When I read the recent research on this subject – the content we read shapes our leadership – it takes me to the Myers Briggs (MBTI) classifications. The MBTI premise is that while most of us (in some small portion) may possess many of the types, there is one type that we prefer. And we especially use this type in times of stress or crisis. What if the preferred type isn’t all that’s needed as a leader/manager?
In leadership development, the theory goes that, for example, if you are a visionary you need to choose a nuts and bolt type of staff person, to balance the approach to managing. But what if the staff is small, or you don’t have that type on board.
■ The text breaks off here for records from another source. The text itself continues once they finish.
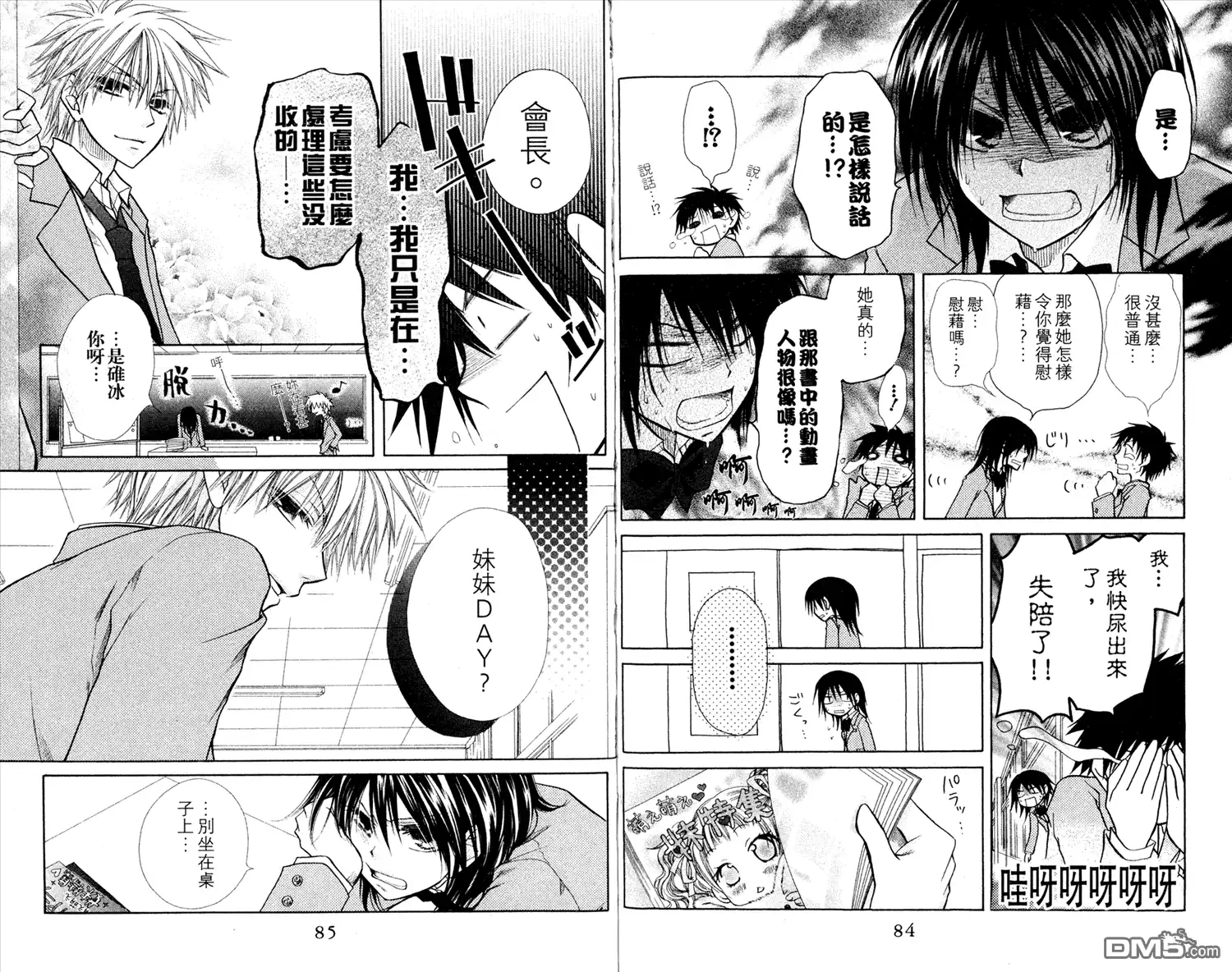 《会长是女仆大人》第3卷 第44页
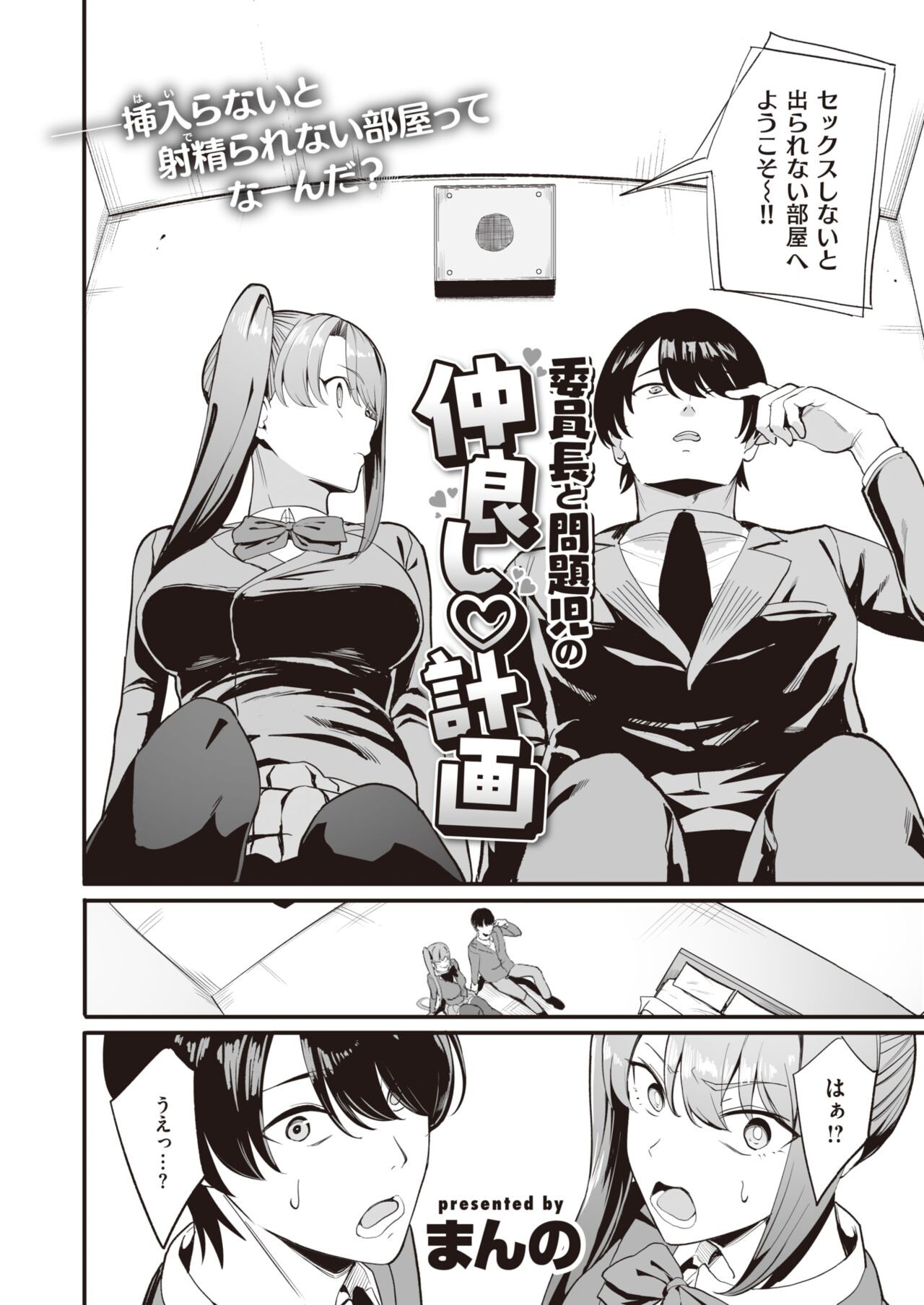 Page 254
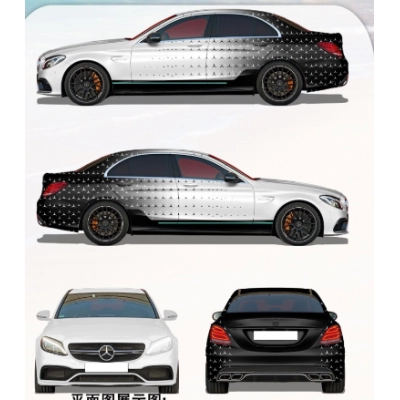 Black White Gradient Customized Car Vinyl Wrap 01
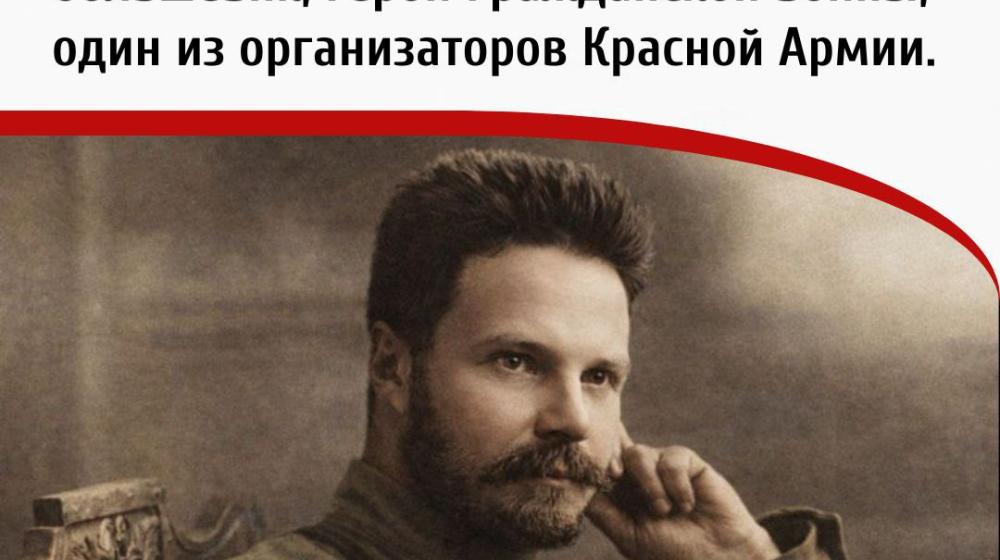 Дата в истории. 2 февраля 1885 г. родился Михаил Васильевич Фрунзе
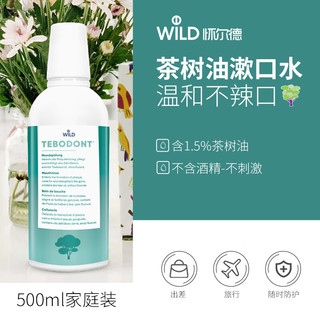 怀尔德Dr.wild瑞士防蛀清洁持久清新口气茶树油漱口水500ml无酒精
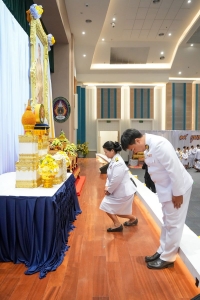 14 กุมภาพันธ์ วันราชภัฏ ประจำปี พ.ศ. 2568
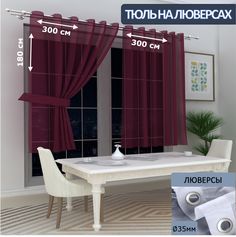 Тюль LeGeanна кухню короткий на люверсах вуаль, 300х180см - 2 шт.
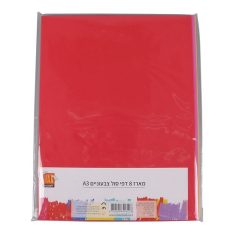 מארז דפי סול A3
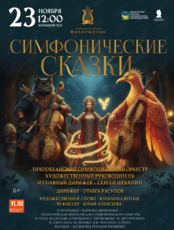 Концертная программа для детей из цикла «Симфонические сказки»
Then the question becomes, where do I go for that perspective to the job?
The research is telling us that just as our type forms behavior, what we choose to read can influence our actions and behavior as leaders/managers. For example, if staff sees you as always basing decisions on logic and facts, lacking patience, with a focus on detail, you might choose a book about managing people or leadership development, even though that subject might not interest you very much. Again, these skills are important to success, but might serve better if balanced by some stronger people skills.
For the visionary noted above, the staff may be frustrated by the lack of attention to details, the constant pursuit of new challenges. While all of these traits are critical to a leader’s/manager’s success with strategic planning, the choices he/she makes to balance these skills are critical. What this person chooses to read and study must help to focus on setting goals, holding staff accountable, and consistently appraising and rewarding good performance.
The message here is, if we know the minus side to our leadership, and reading is one way we learn, choose the books, articles, that shed light on what we need to do better as a leader/manager. After all, we are what we read, if we choose the right material to strengthen our skills.
By the way, if you like this subject, read about the visionary Steve Jobs selecting the nuts and bolts Tim Cook to succeed him. The book is ‘Haunted Empire: Apple After Steve Jobs’ by Yukari Iwatani Kane.